To collect water, on 20 June, Bidar Bakht and his men headed towards Jajau without knowing that Bahadur Shah was camped there. He came across a village where he found a flowing stream of water. To inform Azam Shah, he sent his messenger, Iradat Khan, to him with the message. When he returned, he informed Bidar Bakht that he had seen Bahadur Shah's advance tents. Khan Alam Dakhvini and Munavvar Khan, who were in charge of the central wing of the troops, were dispatched to attack the tents. Azim-ush-Shan's 500 elephants failed to mount a resistance against the invading forces. The attackers looted the tents and then set them on fire.

Unable to put up a strong fight, Azim-ush-Shan wrote to Bahadur Shah for reinforcements. He responded by sending Munim Khan and Jahandar Shah. Meanwhile, Zulfikar Khan, who was in charge of the left wing of Azam Shah's army, advised him to wait until the next day to start a full-fledged battle. However, Shah paid no heed. Seeing 50,000 horsemen approaching, Iradat Khan informed Azam Shah about their advance. In reply, he said that he was "coming to his son".

Bidar Bakht found it difficult to mobilise all of his men to fight since they were "scattered to plunder camp". The attacking force started raining arrows on them and discharging rockets at them. Khan Alam Dakhini charged Bahadur Shah's army with three hundred soldiers. He threw a spear towards Azim-ush-Shan seated in the howdah of the elephant. It missed him and instead hit his attendant, Jalal Khan. Dakhini was killed by an arrow as he attempted to jump on the prince's howdah. Jalal Khan boarded a separate elephant, and after he inflicted an injury on Munavvar Khan, Munavvar Khan's soldiers fled. This exposed the wing of Prince Wala-Jah. Seeing this, Amanullah Khan, who was in charge of a separate wing, hastened to render assistance. But his elephant was set on fire, and his troops fled, thinking that their leader was dead. This made Wala-Jah retreat from the battle.

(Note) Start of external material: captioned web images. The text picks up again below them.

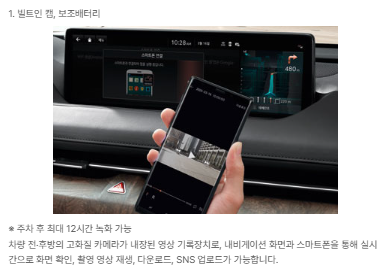 빌트인캠 패키지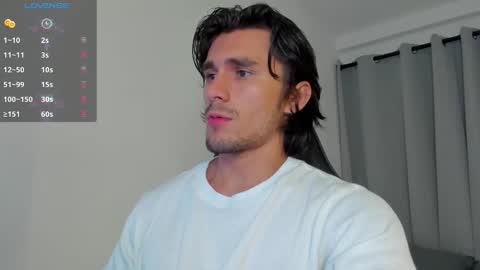 Axel online show from October 2025 10:54:02 PM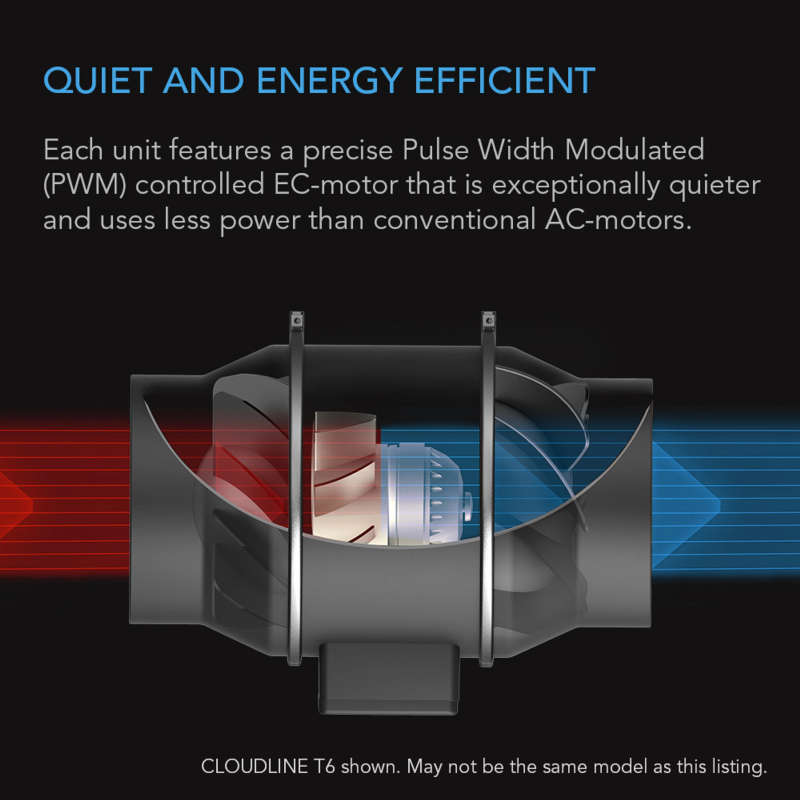 AC INFINITY CLOUDLINE T4, QUIET INLINE DUCT FAN SYSTEM WITH CONTROLLER 69 PRO TEMPERATURE AND HUM...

After this confrontation, Bahadur Shah's Rajput chiefs attacked Zulfikar Khan. Though Khan's army was successful in repelling them, he was wounded in the leg. As Azim-ush-Shan's entire army charged Khan, he fled the battle. Khan was followed by Jai Singh Kchwa, who fled from Bidar Bakht's left wing. Even after the death of most of his commanders and soldiers and his two sons, Bidar Bakht and Ali Tabar, Azam Shah himself charged the enemy on his elephant. Court historian Kamraj, in Ibratnama, wrote that he was wounded "several times by arrows, but he paid no heed to the wounds". He was ultimately killed by a musket ball which struck him on his forehead, according to Mughal sources, it was Isa Khan Main, a zamindar who belonged to the Lakhi Jangal of Subah Lahore and was at the point of time serving with the troops of Prince Muizz-ud-din had killed Azam Shah.Sikh accounts state that Guru Gobind Singh killed Azam Shah with an arrow.

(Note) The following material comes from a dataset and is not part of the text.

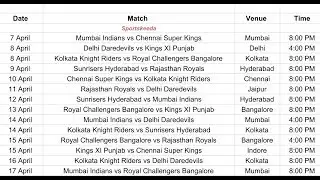 IPL 2018 Full Matches Time Table (Schedule)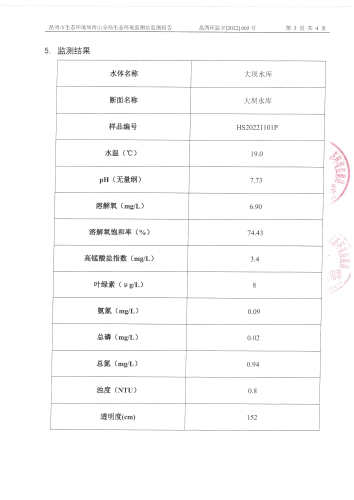 11月监测报告第3页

As soon as Bahadur Shah learned of his brother's death, he sent men to retrieve the corpse. They were attacked by Wala-Jah, but Wala-Jah fainted and died. Around 8 o'clock in the evening, Bahadur Shah's aide, Rustam Dil Khan, mounted the dead prince's elephant, beheaded the prince, and made his way to Bahadur Shah. However, instead of praises, he received reproaches for his action. His elephant was followed by two other elephants; the first one contained the dead body of Ali Tabar, the other one carried the dead prince's women, who were assured protection by Bahadur Shah.

== Aftermath ==
The Ibratnama estimates that 12,000 horsemen of Azam Shah lay dead on the battlefield. It further estimates that at least 10,000 infantry soldiers from both sides were dead. Khan Zaman and Khan Alam Dakhini's bodies were sent to Gwalior for burial. Ram Singh Hada and Rao Dalpat Bundela's bodies were sent to Nurabad for cremation. Azam Shah and his three dead sons were buried at Humayun's Tomb in Delhi.